Nessas narrativas históricas sobre a paternidade de Jesus há, contudo, uma incorreção de nomenclatura, porque seu pai biológico foi um comandante romano chamado Kreolus (7) (e não Pandera ou Panthera), a quem Maria conheceu antes de se unir a José. O nome “Pantheras”, de fato, era bastante comum entre os soldados romanos, mas nesse caso o erro adveio provavelmente da expressão grego-hebraica ben-parthenou – “filho da virgem”, utilizada mais tarde pelos cristãos em relação a Jesus.

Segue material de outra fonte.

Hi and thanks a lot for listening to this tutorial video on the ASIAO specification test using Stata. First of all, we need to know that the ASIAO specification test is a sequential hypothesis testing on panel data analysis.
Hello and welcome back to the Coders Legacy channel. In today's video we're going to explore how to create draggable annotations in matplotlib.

A imaculada concepção de Jesus foi uma concepção realizada dentro do mais puro amor, protegida por este como que numa redoma de pureza. Uma concepção que não se originou de mero instinto, na qual, portanto, não aderiu nenhuma mácula, caracterizando-a realmente como imaculada. O corpo terreno de Jesus só poderia ser concebido como fruto do mais puro e profundo amor entre duas pessoas, como foi o ocorrido entre Maria e Kreolus. O amor puro tinha de ser a base sobre a qual poderia se encarnar uma parte do Amor de Deus. Esse tipo de amor, porém, praticamente não existe mais na Terra.

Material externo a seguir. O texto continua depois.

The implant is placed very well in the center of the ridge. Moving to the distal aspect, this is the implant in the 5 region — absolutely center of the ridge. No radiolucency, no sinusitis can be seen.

Sem contar os desregramentos sexuais a que tanta gente se entrega em nossos dias, o próprio ato de geração decorre quase sempre apenas do instinto inferior, onde o amor ou algum resquício dele desempenha um papel secundário ou terciário, quando não desempenha papel nenhum. Deveria ser o contrário. Isso é mais um sinal da profundidade da decadência humana, pois só mesmo quem não tem mais nada de valor dentro de si pode direcionar sua vida apenas na busca de prazeres sensuais e paixões. Unicamente aquele que consegue ascender espiritualmente adquire a força necessária para deixar de lado essas e tantas outras coisas baixas, como aconteceu com o próprio Paulo e seus conhecidos: “Também nós antigamente éramos escravos de toda sorte de paixões e de prazeres” (Tt3:3).

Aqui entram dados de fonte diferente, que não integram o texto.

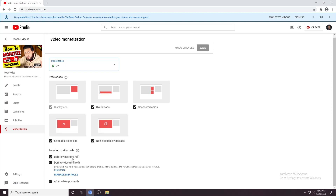Pre-roll ads come two at a time. Post-roll ads come even after the finish of your video. One other video ad is the during-video ad, which you can control manually. To control it manually, just click the Manage Mid-Rolls button.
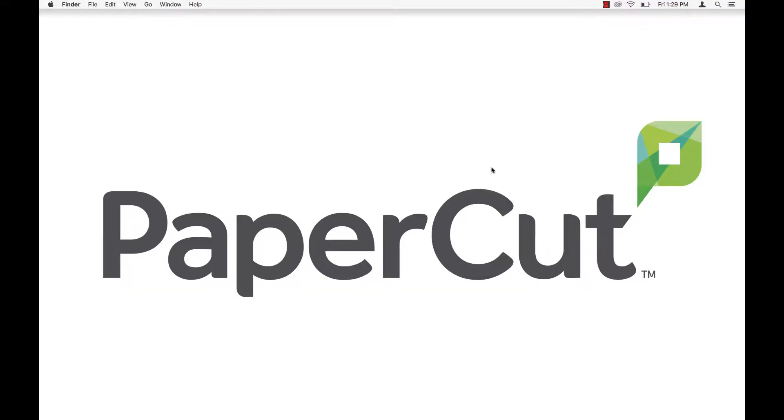Hello, my name is Adam and I am on the PaperCut support team here in Portland, Oregon. Today we're going to go through the process of setting up a standard release station on a Mac. Release stations are used to release print jobs that are being held in a PaperCut hold release queue.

Voltando à paternidade de Jesus, vemos num texto apócrifo que o casal Maria e José compareceu a um tribunal religioso porque Maria havia engravidado sem ainda estar coabitando com José. Na realidade, não se tratou de um tribunal propriamente, mas sim de uma declaração pessoal de paternidade feita por José, sozinho, junto ao superior do Templo, de modo a garantir a primogenitura de Jesus, com todos os direitos a isso ligados.

José foi, sem dúvida nenhuma, o pai de fato de Jesus, visto sempre ter sido seu melhor amigo terreno. Ao contrário de Maria, ele nunca o importunou com errôneos conceitos familiares, e por essa razão também não colocou em seu caminho nenhum empecilho para o cumprimento de sua missão. Quando Jesus deu início ao seu ministério José já havia morrido, de modo que nessa época ele não podia mais contar com as longas conversas que tinha com seu pai adotivo, de que tanto gostava e que lhe foram tão úteis na juventude. Em Maria, o rígido e deletério conceito de família estava muito arraigado, de modo que, mesmo sem querer, acabou dificultando a missão do Filho de Deus na Terra. O Evangelho de Marcos, por exemplo, informa que ela (respeitosamente sem citar seu nome), juntamente com seus outros filhos, acharam até que Jesus “estava ficando louco e quiseram detê-lo” (cf. Mc3:21), logo depois de este ter convocado os doze apóstolos.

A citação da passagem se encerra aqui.